• [Records]
----

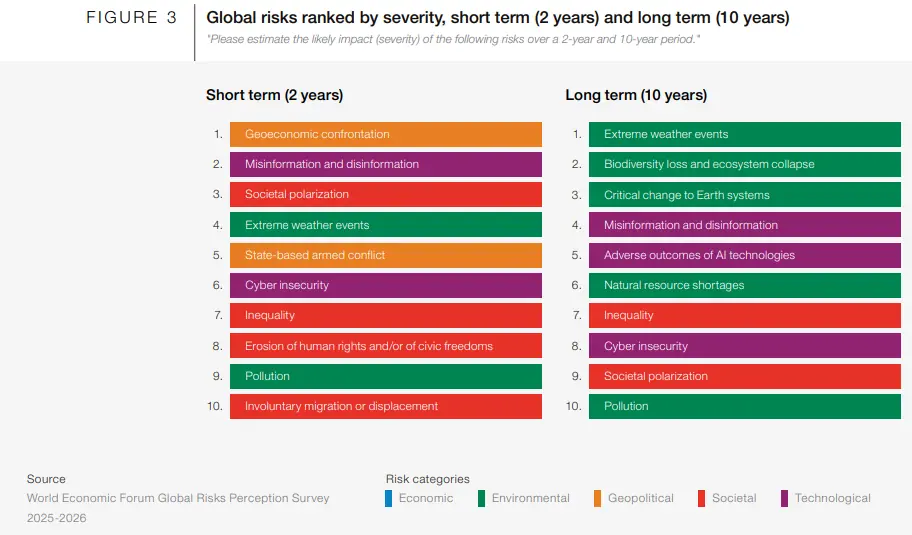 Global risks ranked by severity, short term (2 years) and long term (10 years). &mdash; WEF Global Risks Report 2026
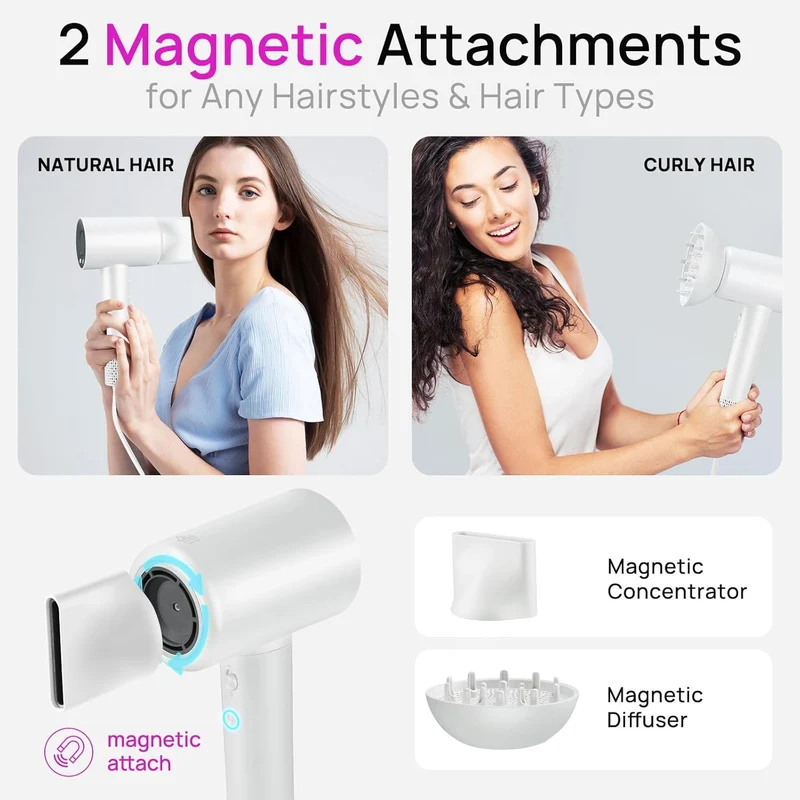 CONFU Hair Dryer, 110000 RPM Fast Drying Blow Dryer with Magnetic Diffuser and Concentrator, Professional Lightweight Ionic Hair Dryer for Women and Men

----

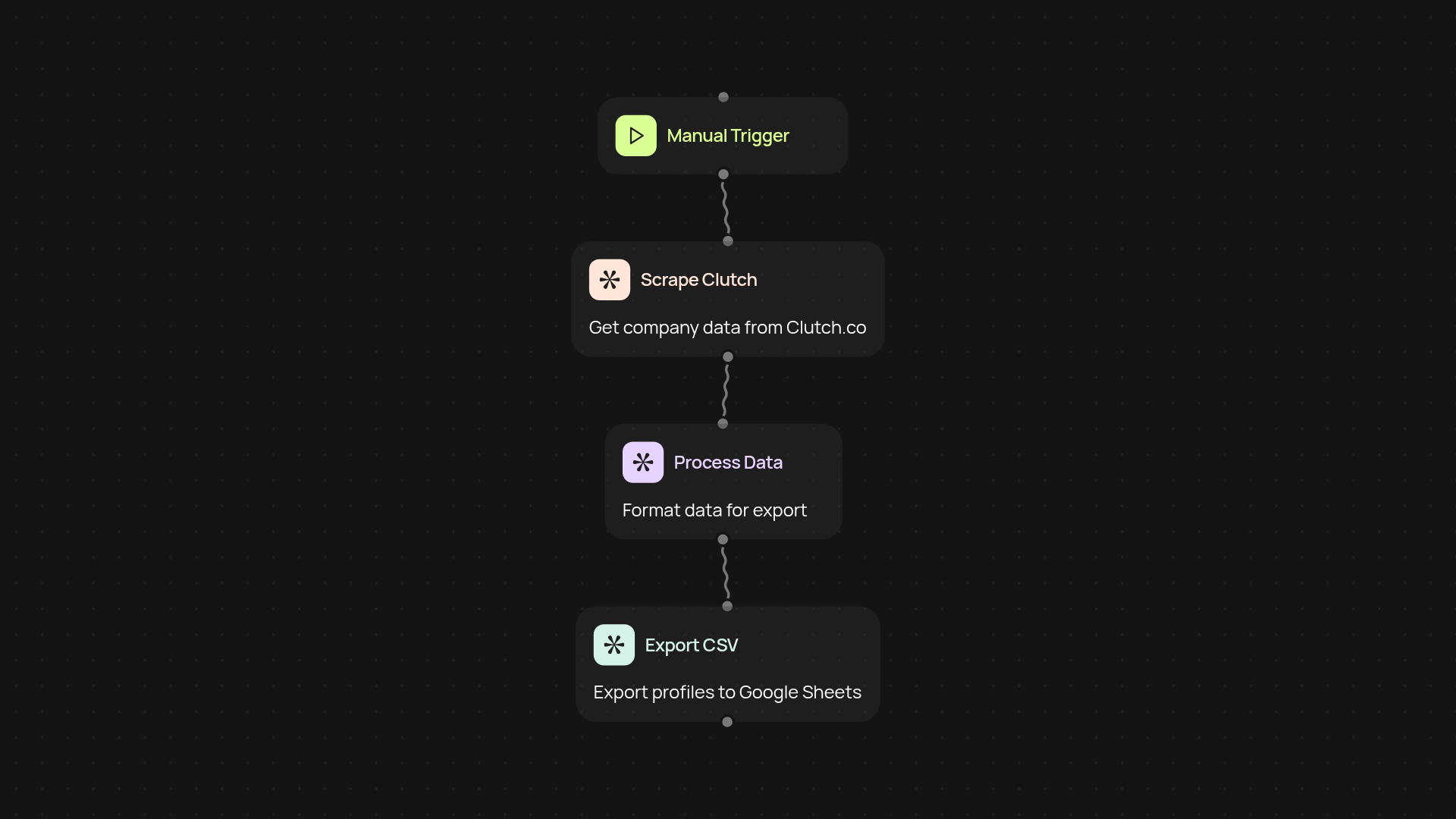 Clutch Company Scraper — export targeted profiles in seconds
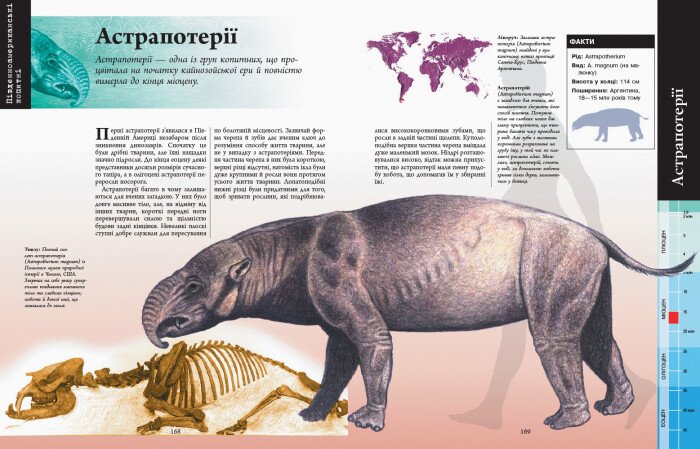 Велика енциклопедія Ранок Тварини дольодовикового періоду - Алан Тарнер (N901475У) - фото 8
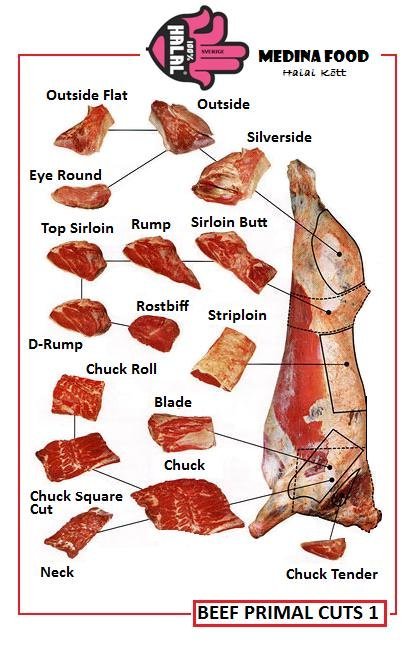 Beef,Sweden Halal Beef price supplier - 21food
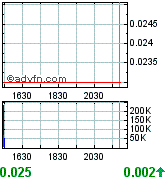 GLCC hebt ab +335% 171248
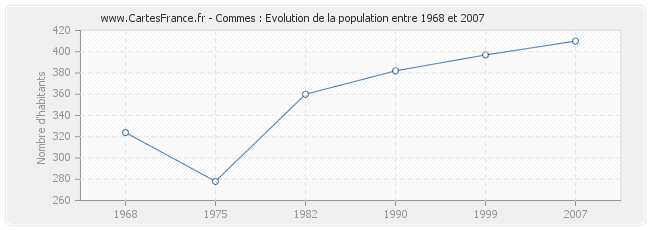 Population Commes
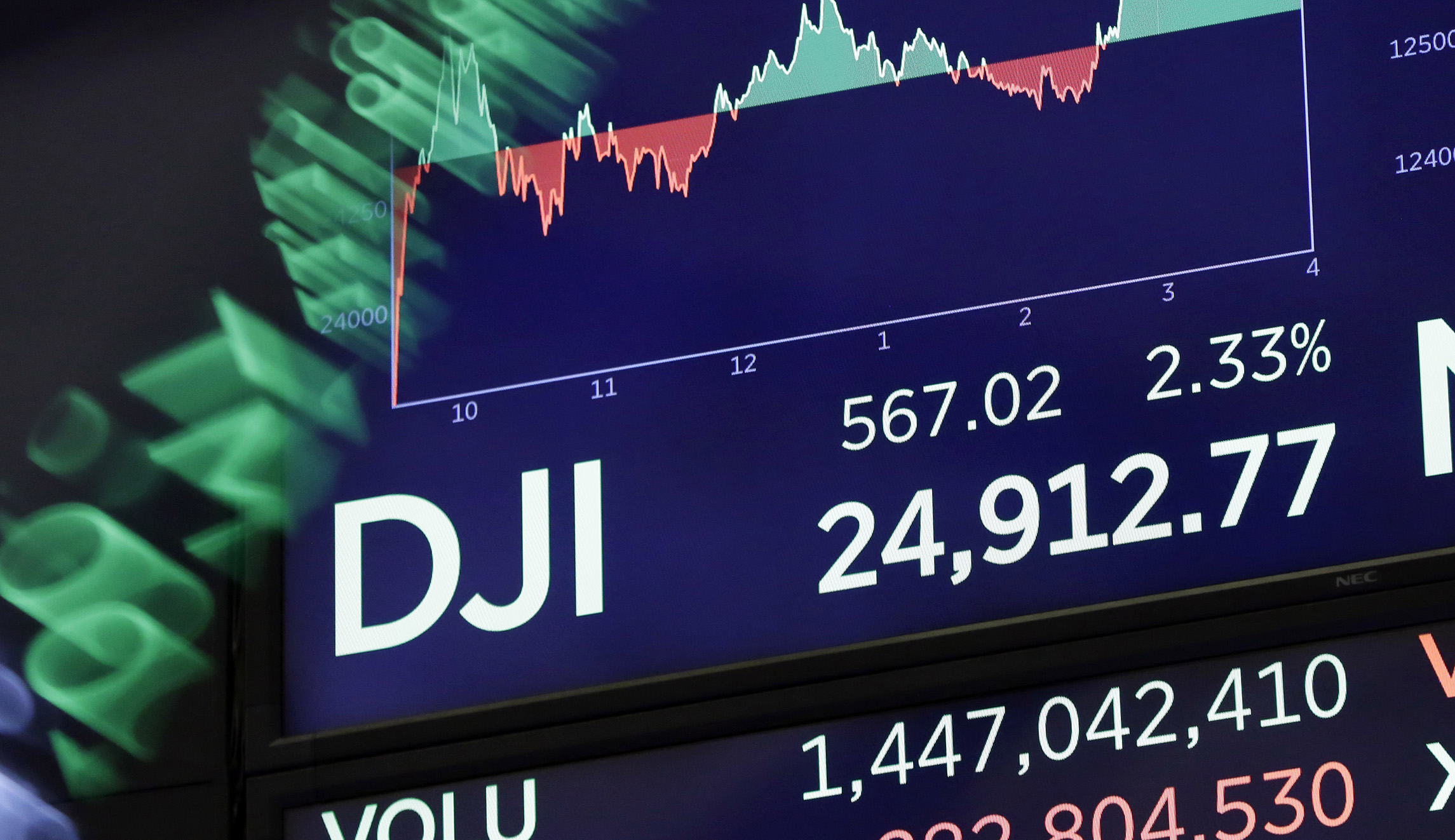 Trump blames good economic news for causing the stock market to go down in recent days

----

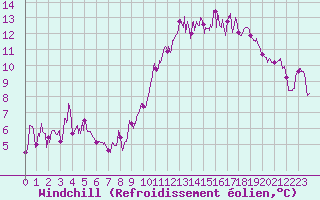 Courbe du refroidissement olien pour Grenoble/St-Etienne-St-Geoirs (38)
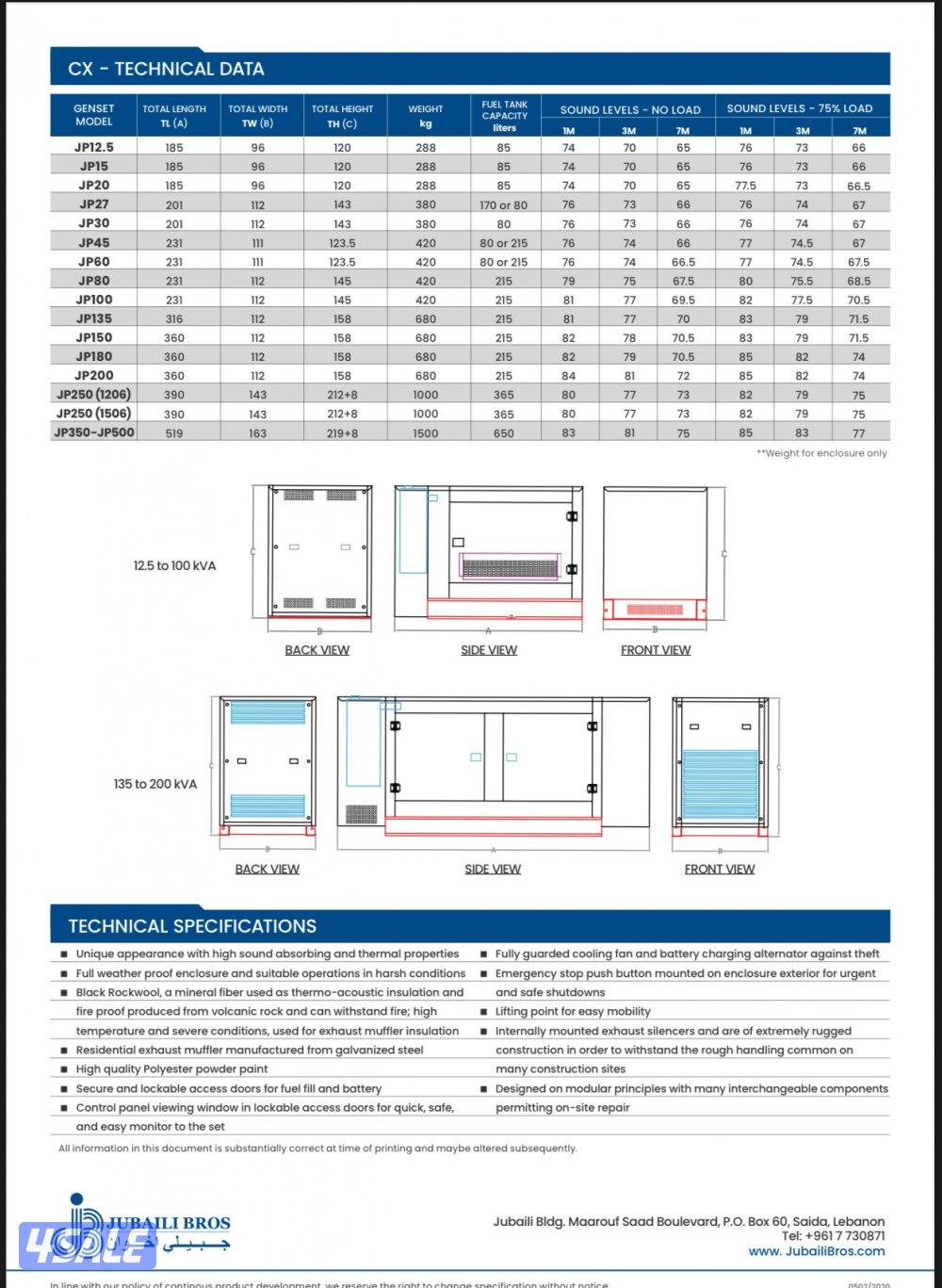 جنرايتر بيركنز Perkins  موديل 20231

----

• [Task] Only one part of the material above is wanted: the lines from the one with "Global risks ranked" up to and including the one with "CONFU Hair Dryer, 110000". Please copy them exactly, pictures left out.

• [Output of the task]
 Global risks ranked by severity, short term (2 years) and long term (10 years). &mdash; WEF Global Risks Report 2026
 CONFU Hair Dryer, 110000 RPM Fast Drying Blow Dryer with Magnetic Diffuser and Concentrator, Professional Lightweight Ionic Hair Dryer for Women and Men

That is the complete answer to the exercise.